Ever since my time as a Peace Corps volunteer, I have been intrigued in the potential for growing mushrooms as a food source. Over the last several years, the work of a very dedicated few self-taught mycologists and fermentation gurus (like Paul Stamets, Jeff Chilton, Peter McCoy, Sandor Katz and Tradd Cotter to name a few) has pushed the mysterious, bordering on miraculous, workings of the fungal world out into the spotlight. When I say spotlight, I’m really talking about the growing community of permaculturists, DIY mycelium cultivators, forest fungi hunters, homebrewers, mycofiltration aficionados and many more folks, all fired up about building, growing and just experiencing in general some aspect of what fungi have to teach us about the way the world around us really works. With millions of hours of practical experimentation and tireless information sharing over the likes of Youtube and dedicated chatrooms, this fungal network (Fungi Fans) has exploded the boundaries of our medicinal, social, biological, economic and even cultural relationships with the mycological world that surrounds us.

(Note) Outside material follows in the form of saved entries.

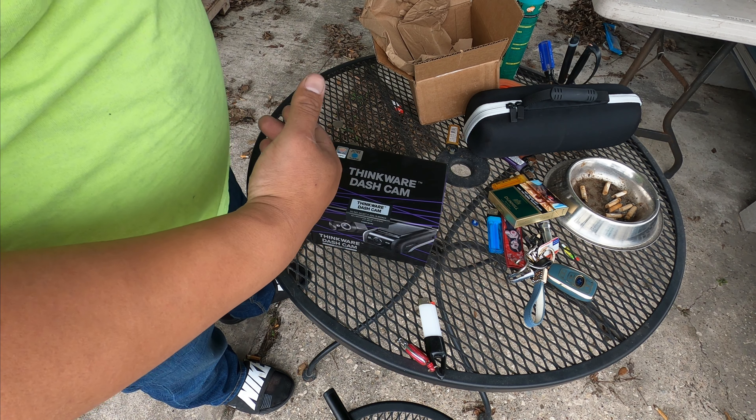Alright guys, that's it for the Thinkware install. I already moved the old dash cam over to the truck. Let me show you guys that real quick. What's up guys, we're back — I'm going to give you guys an update.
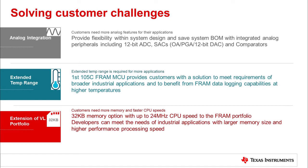As an extension of the MSP430 FRAM ValueLine portfolio, the MSP430 FR235X MCUs add 32 kilobytes of memory with up to 24 megahertz CPU speed to the family, providing more options for cost-sensitive applications.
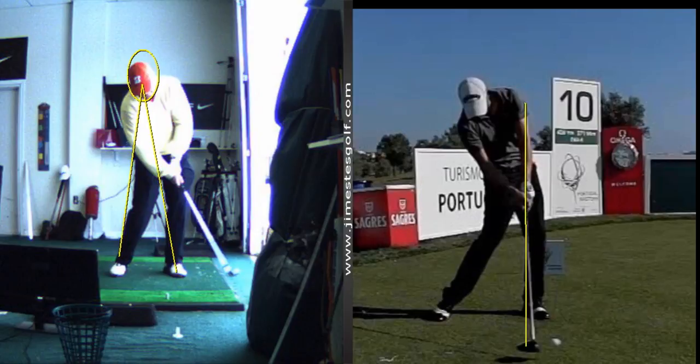In your swing, it looks good right to here, but the club head passes your hands right there at the bottom when the left wrist bends. But that's a separate issue — for right now I want to deal with that.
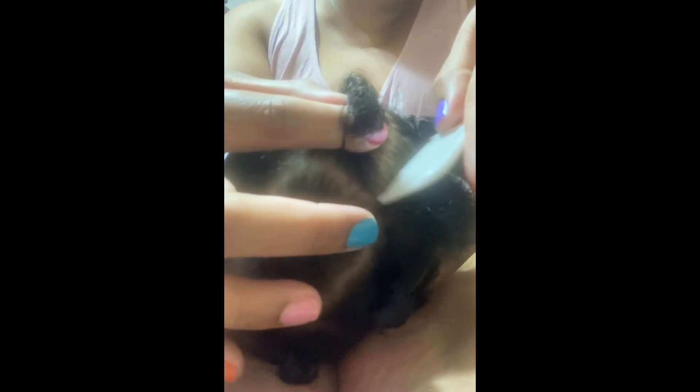These little hairs keep trying to come on over. I wasn't having any difficulties until I pulled out the camera. It's like I got camera shy.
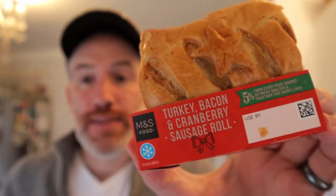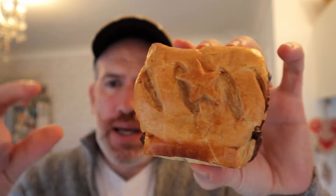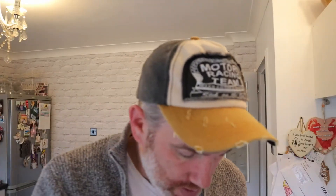I'm gonna eat this cold. That's a chunky sausage roll — not like one of them great sort of thin ones. It's probably the same amount of food but it's chunky, like a homemade sausage roll. It's freezable. Five percent goes to Shelter — always point that out, well done Marks and Spencer on that. It's a puff pastry filled with lightly seasoned turkey, pork, smoked bacon, cranberry sauce and sweetened dried cranberries.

After being astounded and mystified repeatedly at the myriad ways the agricultural world depends on and is continuously reborn at the hands of fungi, I am proud to count myself as a Fungi Fan!
Did you know: that most plants have intricate relationships with multiple species of fungi both above and below the soil that give them all kinds of nutrients and even resistance to different types of pathogens!
Also: It is believed that over the millennia, cultures have taken advantage of the different properties of mushrooms to give them different skills or traits, including Vikings on the battlefield.
This is only the beginning of my life as a Fungi Fan-Guy!!!